As prisões de jornalistas também aumentaram durante os protestos do verão. De acordo com a mesma fonte, pelo menos 118 jornalistas foram presos até 8 de outubro. O Tracker verificou e publicou relatórios informando que pelo menos 67 jornalistas foram presos entre 1º de abril e 30 de setembro, um grande aumento comparado com as nove prisões de jornalistas em 2019. O repórter da CNN, Omar Jiménez, e outros membros de sua equipe de notícias foram presos pela polícia de Minneapolis enquanto faziam suas transmissões noticiosas.

Mais recentemente, a jornalista Josie Huang foi violentamente presa e acusada de obstruir o trabalho de um encarregado de manter a ordem pública enquanto cobria um protesto no dia 12 de setembro em Los Angeles. O vídeo do incidente mostra nitidamente que Huang se identificou como membro da imprensa, que exibia credenciais da mídia, e que tentou cumprir as ordens policiais, mas mesmo assim o comandante da polícia do Condado de Los Angeles declarou, no Twitter, que Huang não havia se identificado como membro da imprensa e que ela "admitiu mais tarde que não estava usando as credenciais apropriadas".

O Departamento de Polícia reforçou sua conduta lamentável quando respondeu a uma carta do Comitê de Repórteres para a Liberdade de Imprensa (Reporters Committee for Freedom of the Press) que pedia que as acusações contra Huang fossem retiradas. O departamento afirmou que ela "se transformou em parte do problema ao se aproximar demais da situação", enquanto cobria as prisões de manifestantes. Vários outros jornalistas foram presos enquanto cobriam protestos em todo o país, desde Kalamazoo, Michigan e Dover, até Delaware.

O presidente Trump continua agredindo verbalmente a imprensa apesar da onda de prisões e agressões a jornalistas nos últimos meses, e comemorou o fato de o apresentador da MSNBC, Ali Velshi, ter sido vítima de uma bala de borracha enquanto cobria os protestos. Trump continua difamando a imprensa no Twitter, chamando os meios de comunicação de "fake news", de "inimigos do povo" e de "o verdadeiro partido de oposição". Acusa a mídia também de se associar ao Partido Democrata para promover a desinformação.

É preocupante o fato de as autoridades federais terem monitorado jornalistas que cobriram os protestos recentemente.
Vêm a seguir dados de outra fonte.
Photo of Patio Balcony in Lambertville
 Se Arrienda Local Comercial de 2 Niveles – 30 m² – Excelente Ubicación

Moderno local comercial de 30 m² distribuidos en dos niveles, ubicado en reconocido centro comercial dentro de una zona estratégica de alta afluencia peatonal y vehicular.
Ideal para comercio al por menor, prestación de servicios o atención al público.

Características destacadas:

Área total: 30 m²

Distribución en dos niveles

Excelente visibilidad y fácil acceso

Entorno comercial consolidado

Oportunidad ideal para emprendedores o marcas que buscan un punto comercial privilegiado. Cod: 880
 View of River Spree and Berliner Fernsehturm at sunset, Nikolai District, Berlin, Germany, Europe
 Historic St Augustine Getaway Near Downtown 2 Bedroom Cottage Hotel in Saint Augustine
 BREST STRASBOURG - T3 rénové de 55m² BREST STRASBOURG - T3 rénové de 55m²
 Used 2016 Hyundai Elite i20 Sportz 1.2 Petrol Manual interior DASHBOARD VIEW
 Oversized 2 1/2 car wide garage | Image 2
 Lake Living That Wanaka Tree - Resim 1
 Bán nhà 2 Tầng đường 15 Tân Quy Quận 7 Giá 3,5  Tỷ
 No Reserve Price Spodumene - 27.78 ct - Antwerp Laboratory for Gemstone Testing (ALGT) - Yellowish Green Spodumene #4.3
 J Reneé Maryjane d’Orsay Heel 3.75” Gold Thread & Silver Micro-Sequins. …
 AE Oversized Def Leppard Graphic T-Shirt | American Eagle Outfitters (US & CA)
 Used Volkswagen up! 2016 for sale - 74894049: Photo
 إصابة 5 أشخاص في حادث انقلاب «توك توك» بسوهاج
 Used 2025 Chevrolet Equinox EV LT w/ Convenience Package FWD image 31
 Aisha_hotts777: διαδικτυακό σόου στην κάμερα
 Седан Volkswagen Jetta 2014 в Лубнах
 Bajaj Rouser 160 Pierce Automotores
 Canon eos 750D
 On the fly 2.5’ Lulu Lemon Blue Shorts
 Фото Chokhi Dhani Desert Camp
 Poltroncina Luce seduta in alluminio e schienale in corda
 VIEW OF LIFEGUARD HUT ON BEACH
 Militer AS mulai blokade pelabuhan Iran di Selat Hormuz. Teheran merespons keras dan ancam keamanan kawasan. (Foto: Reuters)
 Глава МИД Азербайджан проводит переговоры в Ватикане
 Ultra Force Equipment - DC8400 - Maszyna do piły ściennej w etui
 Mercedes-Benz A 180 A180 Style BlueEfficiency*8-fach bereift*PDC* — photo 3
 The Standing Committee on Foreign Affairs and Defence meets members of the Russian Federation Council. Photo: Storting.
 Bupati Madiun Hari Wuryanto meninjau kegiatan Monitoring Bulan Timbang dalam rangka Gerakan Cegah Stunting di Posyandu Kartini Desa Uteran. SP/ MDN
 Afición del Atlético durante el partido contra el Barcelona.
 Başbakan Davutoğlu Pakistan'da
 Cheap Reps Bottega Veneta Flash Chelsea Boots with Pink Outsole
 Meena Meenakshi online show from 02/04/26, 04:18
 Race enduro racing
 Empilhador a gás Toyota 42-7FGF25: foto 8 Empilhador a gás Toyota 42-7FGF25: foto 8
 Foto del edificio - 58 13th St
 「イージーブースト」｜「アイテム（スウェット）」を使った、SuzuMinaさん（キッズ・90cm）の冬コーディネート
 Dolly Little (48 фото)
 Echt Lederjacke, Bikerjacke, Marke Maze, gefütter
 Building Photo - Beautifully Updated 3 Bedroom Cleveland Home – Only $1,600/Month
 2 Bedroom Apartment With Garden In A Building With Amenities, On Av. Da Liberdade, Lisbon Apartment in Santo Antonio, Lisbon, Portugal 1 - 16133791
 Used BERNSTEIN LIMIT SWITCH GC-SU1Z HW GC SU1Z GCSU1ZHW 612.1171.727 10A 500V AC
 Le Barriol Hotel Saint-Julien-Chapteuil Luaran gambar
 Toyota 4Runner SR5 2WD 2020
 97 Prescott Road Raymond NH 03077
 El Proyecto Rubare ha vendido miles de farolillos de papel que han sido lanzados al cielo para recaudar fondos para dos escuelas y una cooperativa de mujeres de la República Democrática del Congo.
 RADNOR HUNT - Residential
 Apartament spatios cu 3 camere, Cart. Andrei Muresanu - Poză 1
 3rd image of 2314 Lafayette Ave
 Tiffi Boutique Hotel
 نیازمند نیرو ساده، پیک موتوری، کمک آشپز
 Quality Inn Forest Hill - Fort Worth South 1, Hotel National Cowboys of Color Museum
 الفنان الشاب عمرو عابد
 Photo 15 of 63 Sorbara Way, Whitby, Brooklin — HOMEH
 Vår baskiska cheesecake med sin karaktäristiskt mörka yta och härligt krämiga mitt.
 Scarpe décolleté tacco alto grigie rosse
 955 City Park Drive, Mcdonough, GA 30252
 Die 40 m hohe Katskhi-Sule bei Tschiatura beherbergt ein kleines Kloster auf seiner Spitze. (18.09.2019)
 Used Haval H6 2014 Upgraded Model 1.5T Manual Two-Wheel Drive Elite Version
O Departamento de Segurança Nacional (Department of Homeland Security – DHS) compilou "relatórios de inteligência" sobre jornalistas do The New York Times e do blog Lawfare que haviam publicado documentos vazados, mas não confidenciais sobre as operações da DHS em Portland, Oregon, onde autoridades federais foram convocadas para responder aos protestos que se estenderam durante grande parte do verão.

Em uma decisão preocupante, um tribunal de primeira instância de Seattle, Washington, permitiu inicialmente que o Departamento de Polícia de Seattle obrigasse cinco importantes meios de comunicação da cidade a entregar todas as suas fotos inéditas e imagens de vídeo ainda sem processar e tiradas em um raio específico de quatro quarteirões durante um período de 90 minutos, depois da morte de George Floyd. As imagens foram solicitadas para ajudar a polícia a identificar os suspeitos que haviam incendiado carros e roubado armas de fogo durante os protestos.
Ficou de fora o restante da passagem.